The interrelationship between individual story repertoire and overall legend tradition, particularly in the context of performance, can now be more readily addressed as large collections of legends are made accessible in machine actionable form. An important, and open, question in the study of legend is whether tradition participants exhibit expressive consistencies in language within and across their individual story repertoires. These consistencies may be indicative of certain tradition-based phenomena, such as the crystallization of story elements into a specific linguistic form, or the use of formula as an integral part of the story itself. The recurrence of word sequences may reflect stylistic aspects of an individual’s storytelling (idiolect) or, on a broader scale, language use in a specific region (regiolect). The discovery of consistent word sequences across multiple stories also supports investigations into similarities between stories that are not topically related.

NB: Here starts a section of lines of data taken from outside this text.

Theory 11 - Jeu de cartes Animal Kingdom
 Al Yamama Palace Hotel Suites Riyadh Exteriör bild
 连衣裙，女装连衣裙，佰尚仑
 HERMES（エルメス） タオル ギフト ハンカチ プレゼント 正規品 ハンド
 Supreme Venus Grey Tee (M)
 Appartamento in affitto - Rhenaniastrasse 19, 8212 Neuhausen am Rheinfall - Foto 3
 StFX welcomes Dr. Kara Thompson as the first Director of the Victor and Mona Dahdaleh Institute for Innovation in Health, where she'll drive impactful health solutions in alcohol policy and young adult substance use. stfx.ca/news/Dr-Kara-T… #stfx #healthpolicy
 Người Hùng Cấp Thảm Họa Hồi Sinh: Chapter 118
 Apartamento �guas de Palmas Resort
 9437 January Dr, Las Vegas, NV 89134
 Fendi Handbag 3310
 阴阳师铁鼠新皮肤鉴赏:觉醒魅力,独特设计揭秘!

Such discoveries might facilitate, in turn, comparative studies across repertoires of individual storytellers, classes of storytellers (e.g. gender), and regions, thus augmenting more standard comparisons of genre and topic. Finally, the investigation of repeated word sequences in a large folklore corpus may provide insight into the practices of folklore collectors, including how they created fair copy out of their at times chaotic field notes, and how they edited their collections for publication.